Uber sent emails to hundreds of thousands of its customers and drivers Monday urging them to submit testimony to the Honolulu City Council opposing
a bill that would place more restrictions on the transportation network company and other operations like it.
The email featured the subject line “Uber service on Oahu is at risk.”
Bill 35, the latest in the emotional tug of war between the upstart ride-hailing companies and drivers and the more traditional taxi companies and their cabbies, is up for a
final vote 10 a.m.
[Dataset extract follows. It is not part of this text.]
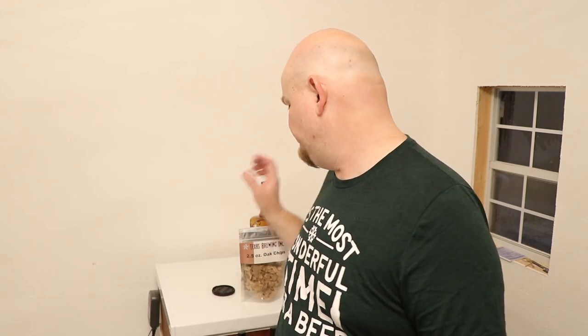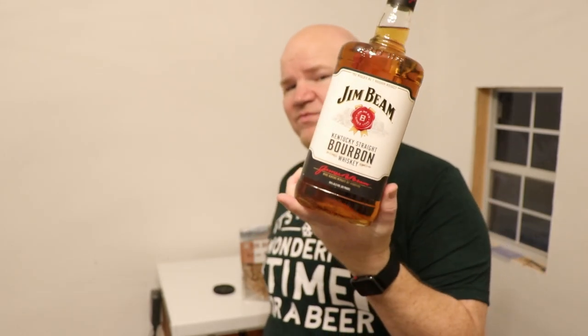I'm excited — this will be the first time I've brewed a bourbon barrel stout. I've always bought them, but to brew my own is going to be fantastic. The beer has been fermenting for a couple of days; fermentation takes three weeks total, so it's time to get the bourbon on the oak chips. I'm using Jim Beam straight whiskey bourbon — I didn't want a sour mash, so straight is the way to go.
Wednesday at Honolulu Hale.
“The Honolulu City Council is considering new regulations that would impose outdated taxi-style requirements on ride share,” the email states. “These proposed regulations put the availability of reliable,
affordable transportation on Oahu at risk.”
A key point of contention is language in the bill requiring the customer services director to establish a cap on how much ride-hailing drivers could charge during periods of “surge” or “dynamic” pricing, when demand is at its peak.
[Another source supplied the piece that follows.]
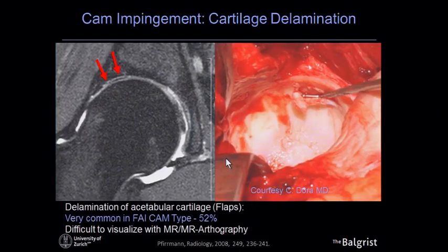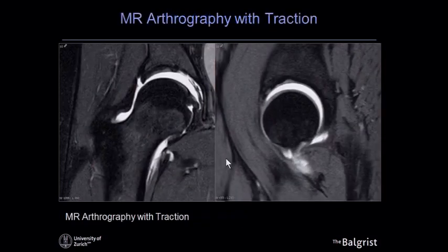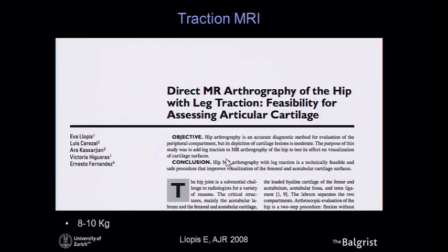To further improve cartilage imaging in the hip, one major problem is delamination of the acetabular cartilage, where the cartilage is pushed against the subchondral bone and the delamination is not visible. This led to the concept of traction imaging: by injecting contrast and opening the joint with traction, the contrast enters between the cartilage layers exactly where we want to see it, nicely delineating the cartilage surface.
The email does not mention surge pricing, but a blog on Uber’s website, as well as an Uber fact sheet on the bill, both focus on the practice and the company’s concerns about a cap.
The blog points out that city Customer Services Director Sheri Kajiwara testified that the administration opposes the idea of setting the prices for ride-hailing companies and instead wants to
allow taxi companies more flexibility in pricing.
Uber and Lyft officials testified in Council committees last month that such a cap would be the first such restriction imposed on the transportation network companies in the U.S.
The companies argue that surge pricing is a necessary component of its platform because it encourages drivers to get on the road when demand is highest. But taxi companies and cabbies say surge pricing creates an unfair advantage over them because their pricing is capped by state law. Some opponents of ride-hailing companies also accuse them of charging
exorbitant prices when
potential riders are at their most vulnerable.
Council Chairman Ernie Martin, who wrote the latest draft of the bill, said the language does not prevent transportation network companies from charging more during surge-pricing periods. “All it seeks to do is put a maximum ceiling as to how far they can charge with respect to that particular business practice,” he said, adding that the language is designed to guard against predatory pricing.
Martin said many of the emails received Monday did not consider other changes made in the latest draft to meet concerns raised by Uber and Lyft.